─── Dataset records

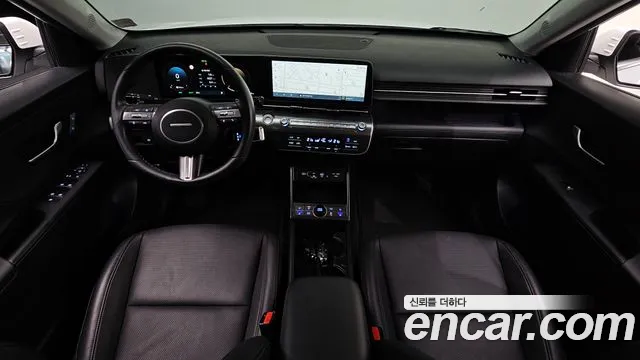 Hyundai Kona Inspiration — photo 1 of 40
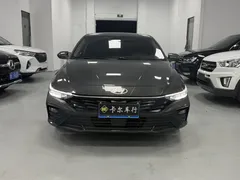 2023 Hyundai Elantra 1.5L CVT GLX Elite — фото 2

──────
─── Dataset records

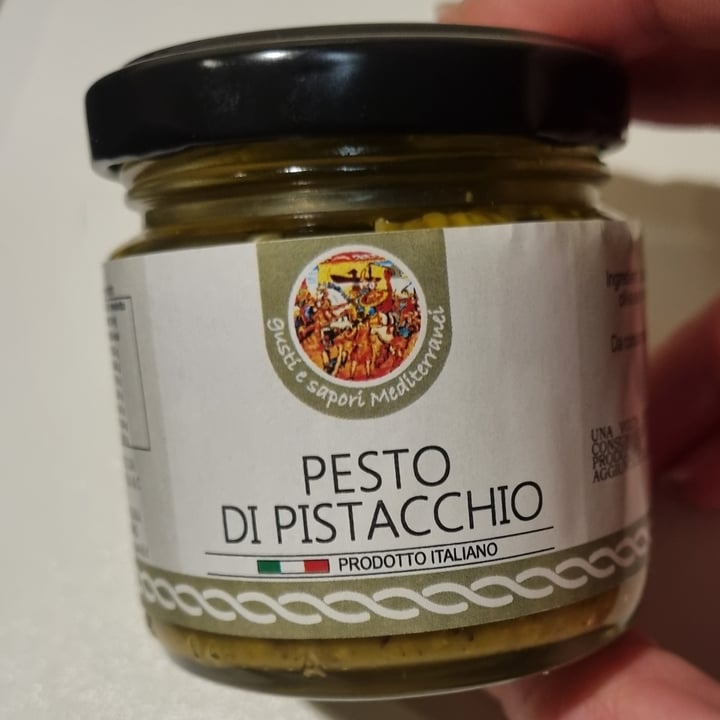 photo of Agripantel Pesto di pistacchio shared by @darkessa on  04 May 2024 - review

──────

In the records above, find the line with "Hyundai Kona Inspiration — photo 1 of 40". Print exactly from there through the line with "2023 Hyundai Elantra", minus the pictures.

(Task response)
 Hyundai Kona Inspiration — photo 1 of 40
 2023 Hyundai Elantra 1.5L CVT GLX Elite — фото 2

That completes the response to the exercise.